Predict Through UDF in SQL

This section explains how to run the prediction model from the Exasol native environment in the SQL development tool.

The model can be deployed using a UDF that dynamically executes R code. This is similar to what is described in Train and Predict in Exasol, except for the way you get the data from the database via the context object ctx.

For more details on R UDFs, see R.

-- 1. Create prediction function
CREATE OR REPLACE R SET SCRIPT r_demo.predict3(...) EMITS (id INT, RealValue DOUBLE, Prediction DOUBLE) AS

# Load library
library(randomForest)

# Get number of columns
numCols <- exa$meta$input_column_count

# Create empty list with length numCols
l = vector("list", numCols)

run <- function(ctx) {

  # Load the model from the bucket
  rf_model = readRDS("/buckets/bucketfs1/bucket1/rf_model")

  # ...or depending on the file type
  #load("/buckets/bucketfs1/bucket1/rf_model.dat")

  # Split input into modest sized chunks, this can be adjusted for memory consumption
  repeat{
    if (!ctx$next_row(1000000))
        break

  # Populate list with data columns
  for (i in 1:numCols){

        l[[i]] <- ctx[[i]]()

  }

  # Convert to data.frame for modeling
  df = as.data.frame(l)

  # Set the column names

  # From the model object, note: model/scenario specific
  # the_colnames <- names(rf_model$forest$xlevels)
  # colnames(df) = the_colnames

  # Assign manually, note: not dynamic
  # Note: case sensitive when using double quotes
  colnames(df) <- c("id", "crim", "zn", "indus", "chas", "nox", "rm",
  "age", "dis", "rad", "tax", "ptratio", "b", "lstat", "medv", "split")

  # Get predictions
  prediction   <- predict(rf_model, newdata = df)

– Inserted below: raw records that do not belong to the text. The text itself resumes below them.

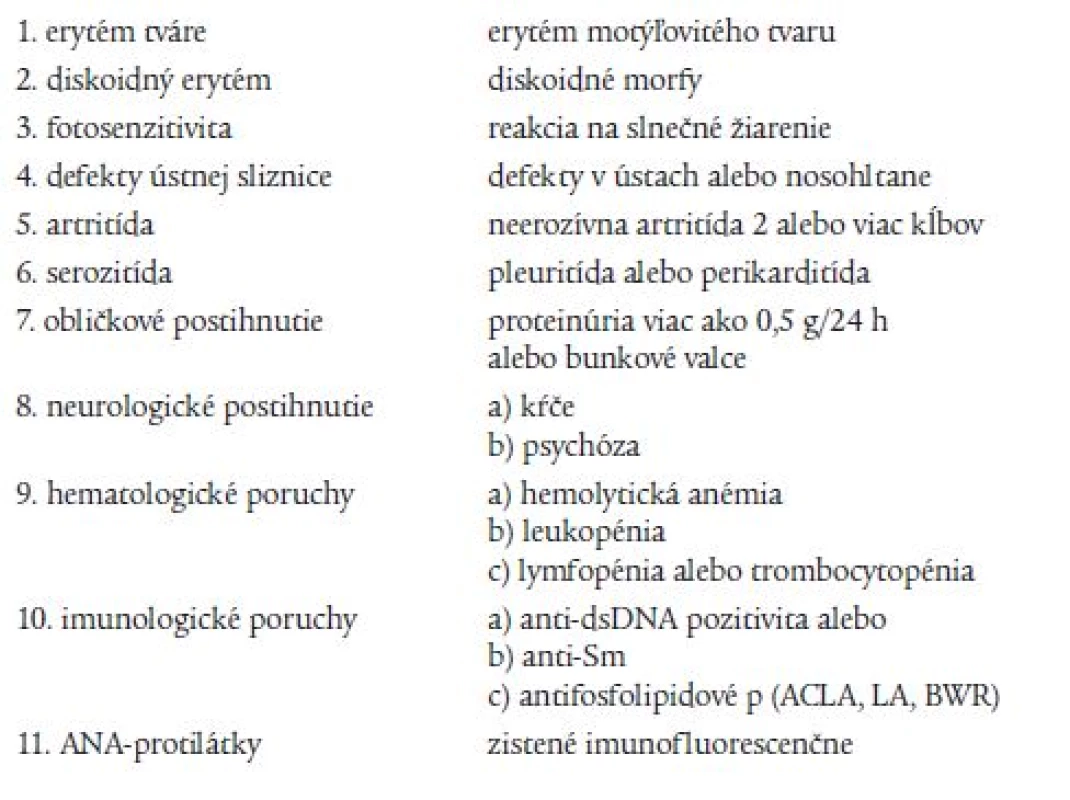 Diagnostické kritéria SLE (Tan et al 1982) [16].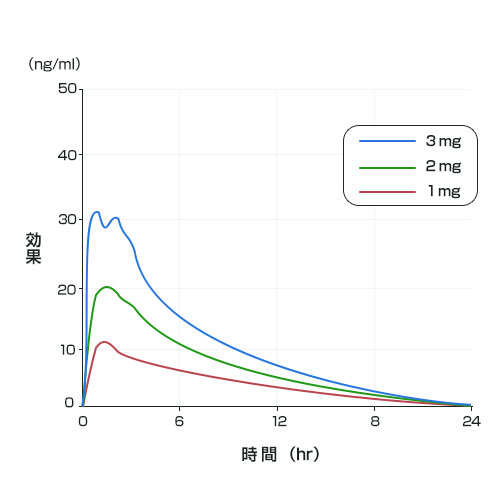 ルナエイトの効果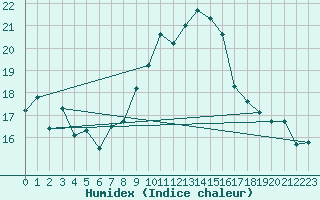 Courbe de l'humidex pour Laegern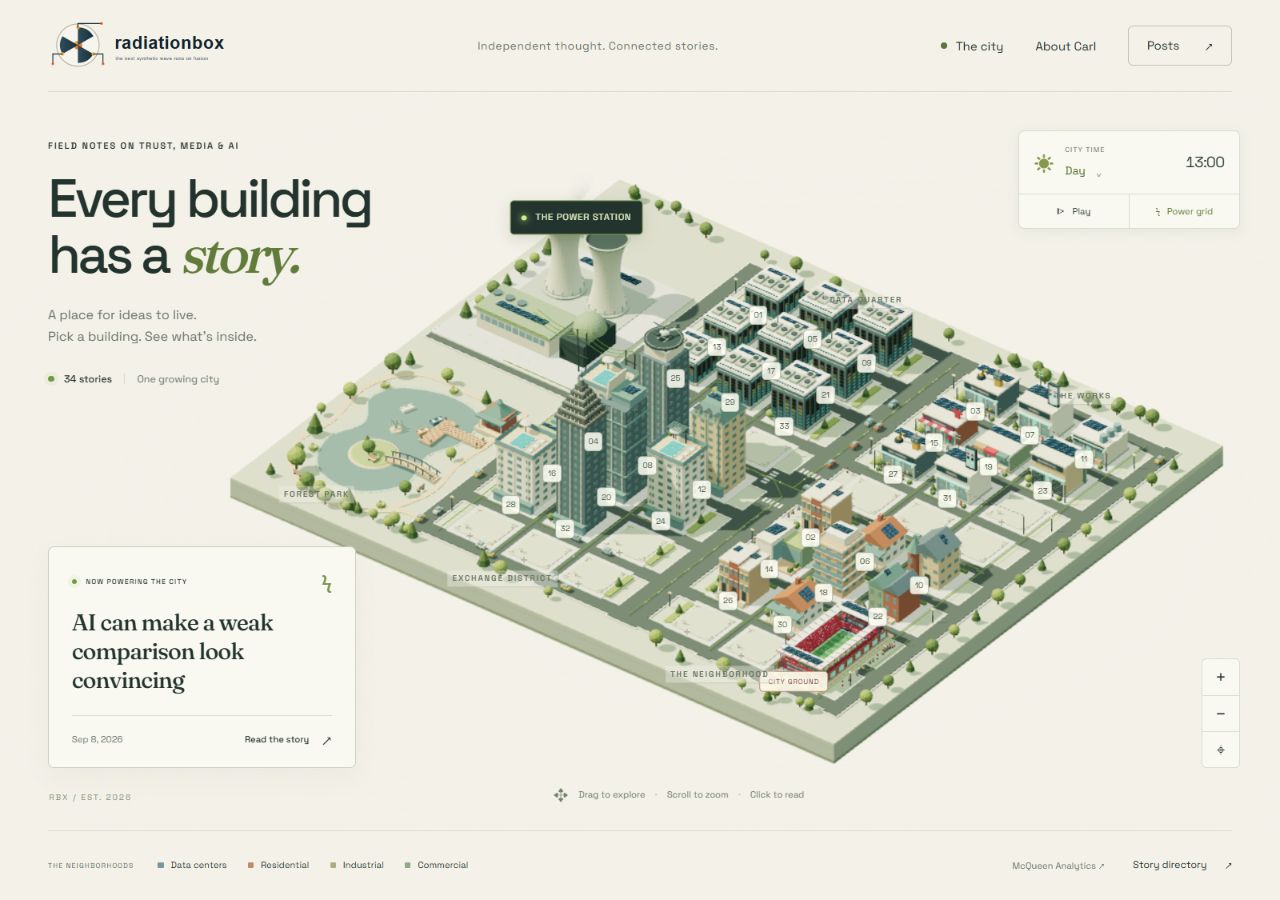 RadiationBox's new city homepage in daylight, with a nuclear plant, office towers, homes, a park lake and a soccer stadium.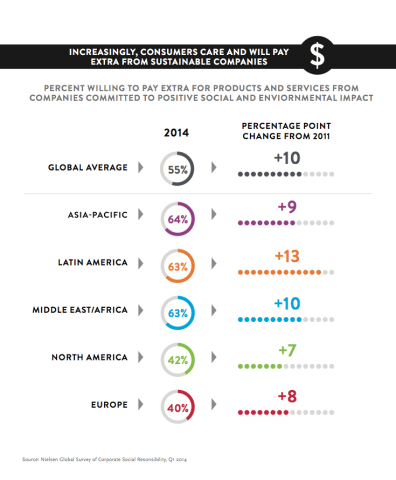 New research from Nielsen finds that increasingly global consumers are willing to pay more for products and services from companies committed to positive social and environmental impact. (Graphic: Business Wire)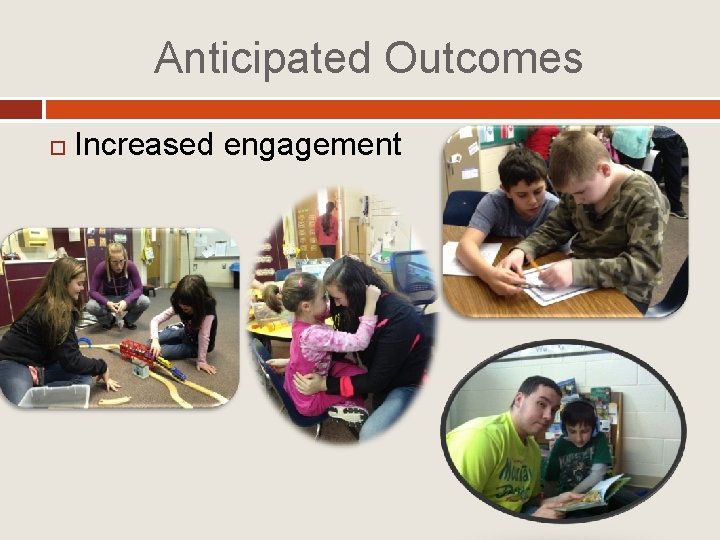 Anticipated Outcomes Increased engagement 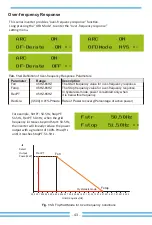 Предварительный просмотр 45 страницы Deye SUN-6K-G03-LV User Manual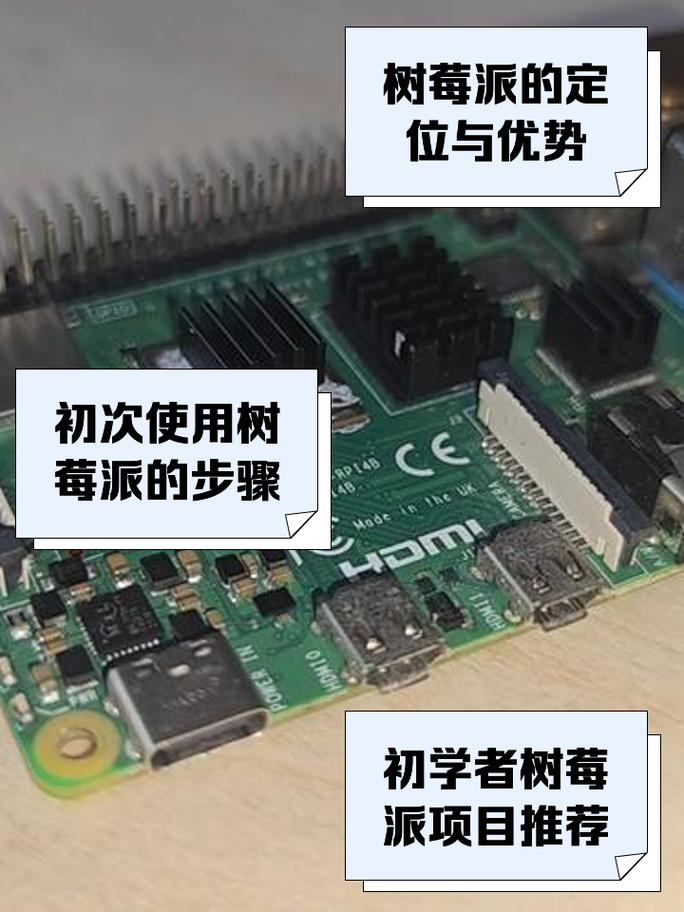 树莓派安装linux,树莓派安装Linux系统全攻略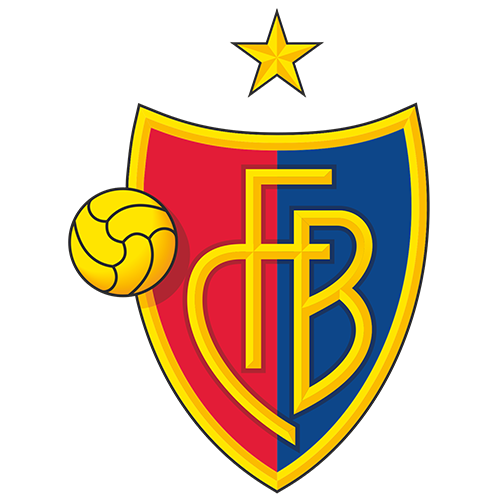 FC Basel B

  # Output ids, real values and predicted ones
  ctx$emit(df$id, df$medv, prediction)
  }
}
/

-- 2. Run prediction function
SELECT r_demo.predict3(id,crim, zn, indus, chas, nox, rm, age, dis, rad, tax, ptratio, b, lstat, medv, split)
FROM   r_demo.boston_housing
WHERE  split = 'Test'
GROUP  BY IPROC()         -- Node number for data locality
        , MOD(ROWNUM, 5) -- Number of processes per node
ORDER  BY id;

The UDFs you created are saved in your schema and can be accessed using an SQL client.